Brat, the next of Balabanov's films to be distributed in the UK, took up rather different subject matter. Shot this time in colour, the film is a contemporary Mafia thriller, set in a decaying modern Russia.
The film's hero, a young fresh-faced Danila of gawky innocence, on arrival in St Petersburg seeks out his brother, Viktor (again Viktor Sukhorukov, this time with slightly less power). Viktor, living it up on the profits of crime, gives his younger sibling a wad of cash to stock up on clothes from Littlewoods and his first assignment in a lethal game of gang warfare, the assassination of a Chechen mobster who is squeezing Russians out of the market.
Rival gangsters eventually track him down and lure him to Viktor's flat by forcing the older brother to betray him. Danila effortlessly waltzes in picking off the hoodlums and is then able to pick up a briefcase stuffed with cash one of them has left lying around. Pausing only to forgive his brother, now reduced to a pathetic wreck of a man, Danila runs off with his new-found loot to persuade Sveta to run off with him.
Sveta refuses, her husband gets shot in the leg and Danila hitch-hikes out of St Petersburg with the money, with a stoic air of defiance at his rejection, riding over the pain as much as he did when he was shot.
A man of many talents?
Advertising Brat at an earlier Russian screening, Kino-Kino were anxious to point out that it was a totally different film and you would scarcely believe that it was by the same director. In terms of genre and texture this is certainly true, and such diversity could be seen as Lynchian.
But the real substance of any such claims to be a Russian Lynch is in the analysis of the undercurrents of contemporary society against a facade of normality. Again it is true that both directors do that. But an analysis of Brat in terms of Lynch can only go so far, as with other claims by British critics.

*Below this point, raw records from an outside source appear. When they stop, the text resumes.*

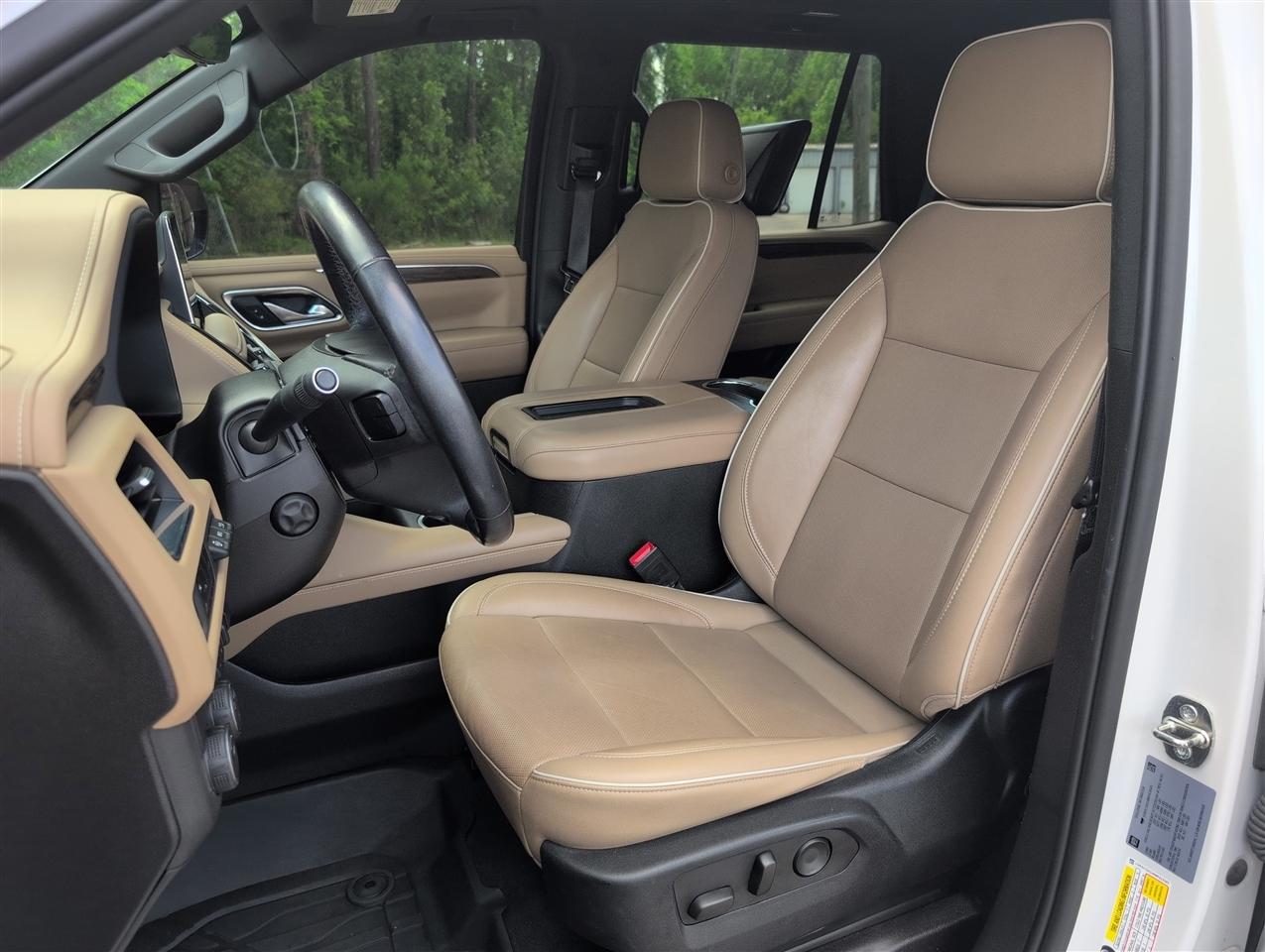 Chevrolet Tahoe  2021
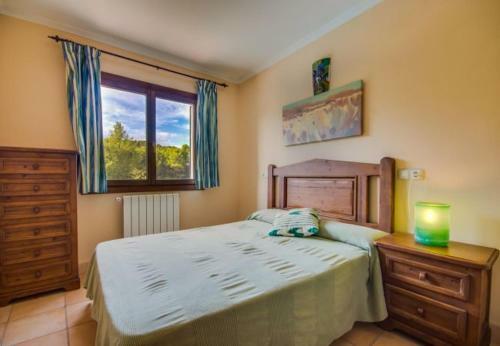 Selva Holiday Home Sleeps 12 With Pool Air Con And Wifi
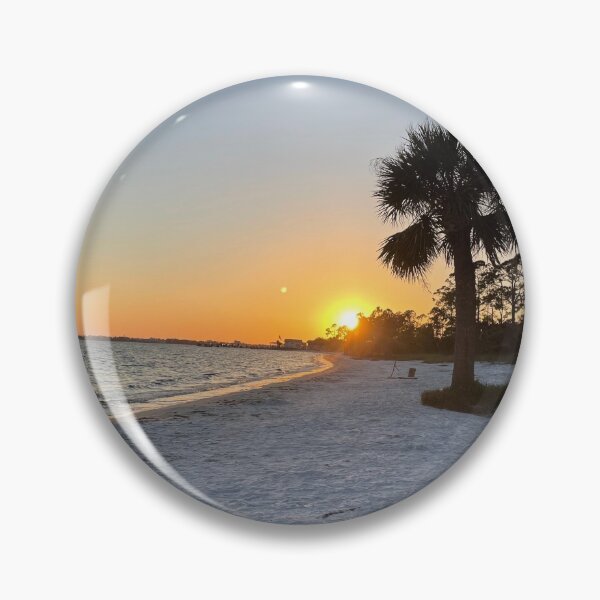 Item preview, Sunset Palmtrees designed and sold by GBMR.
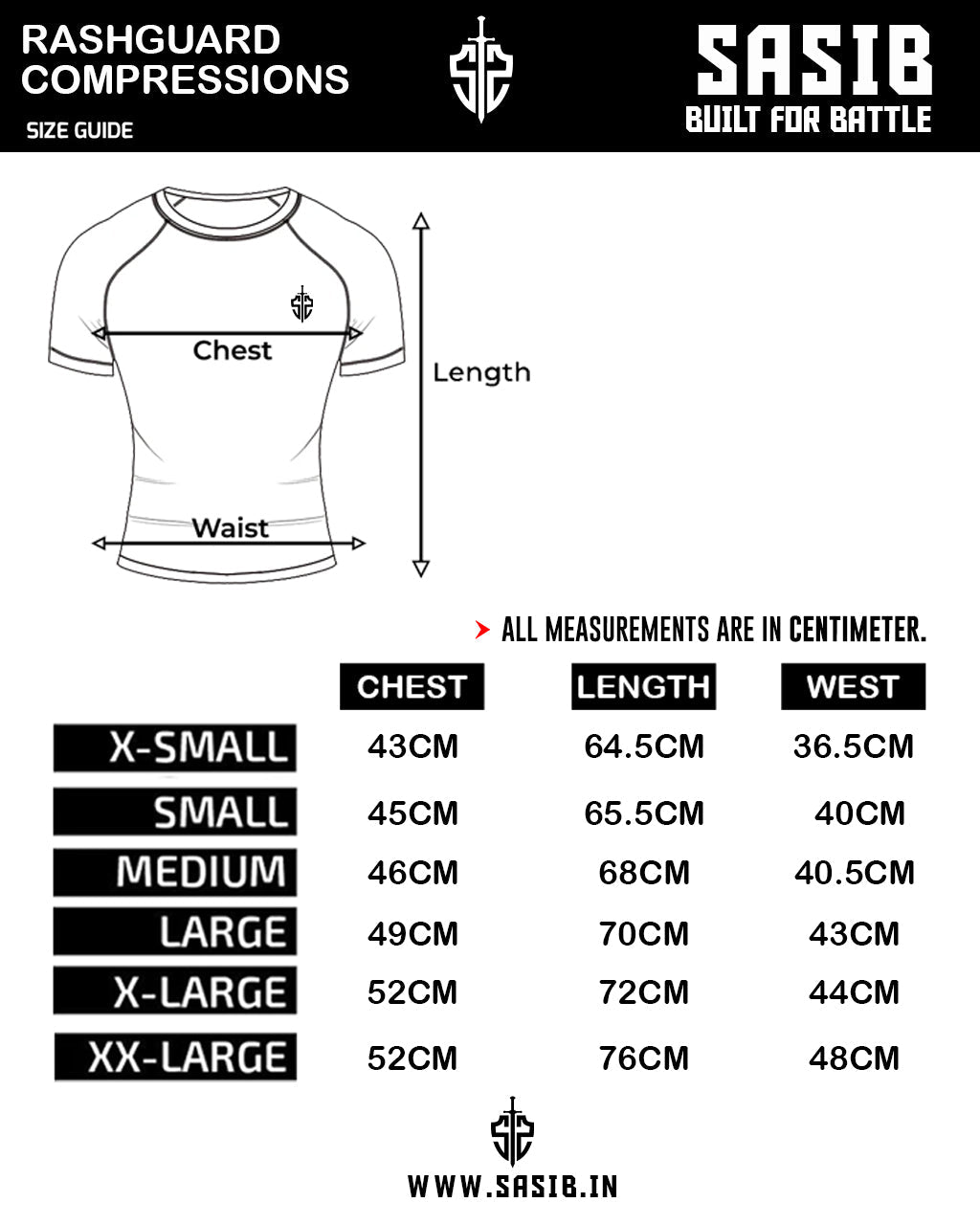 SASIB Yin & Yang Rashguard - White | Black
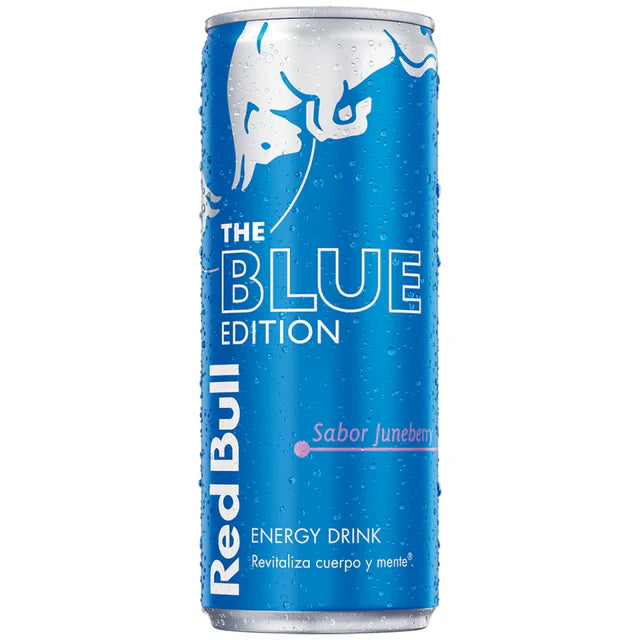 Red Bull Energy Drink Summer Edition Juneberry (amélanchier)(250ml)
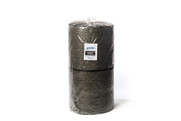 Universal Fine Fiber Absorbent Roll, Absorbs 50.5 gallons, 15"x150' Roll (A15X150GFMFM2X) packaging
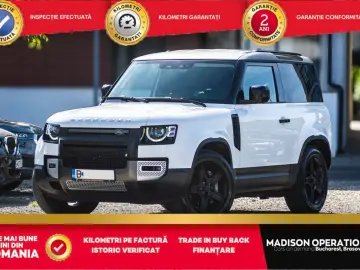 Land-Rover Defender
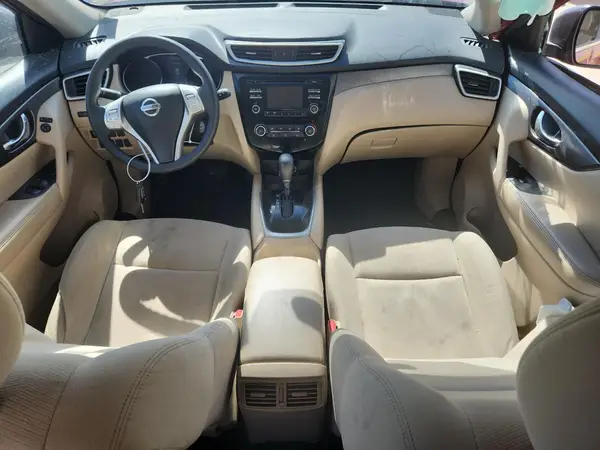 KNMAT2MT8GP608300 2016 NISSAN ROGUE - Image 8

Phillip French of the Observer compared it to Akira Kurosawa's Yojimbo and Sergio Leone's A Fistful of Dollars, but despite the connection with violence and guns there is little in common (and there certainly no epic quality as French seems to be suggesting). If contrast with another film is to be made, I believe it is with Martin Scorsese's Taxi Driver - and I don't think it is a complimentary comparison either.
Brat has a number of interesting plot features in common with Taxi Driver. Both are about demobbed war veterans who have strong views about the nature of society and its disintegration. Like Taxi Driver's Travis Bickle, Danila is essentially something of a nerd with an inability to relate to mainstream society. His essential belief in good violence and bad violence is naive and misplaced and Danila's attempts to form a lasting relationship with Sveta are as bungled and inept as are Bickle's with Betsy.
Balabanov's view of Danila has none of the irony or ambiguity that Scorsese employs. His grassroots philosophy, simple-minded approach to vigilante violence and pathetic forgiveness of his brother for betraying him or designed to increase audience sympathy for Danila. This makes Brat a surprisingly adolescent film with an artificial view of modern Russian life which opportunistically glosses over the real issues behind Mafia violence and a dispossessed youth to make the film more "watchable." If this is not a description of cinematic cheapness, then I don't know what is.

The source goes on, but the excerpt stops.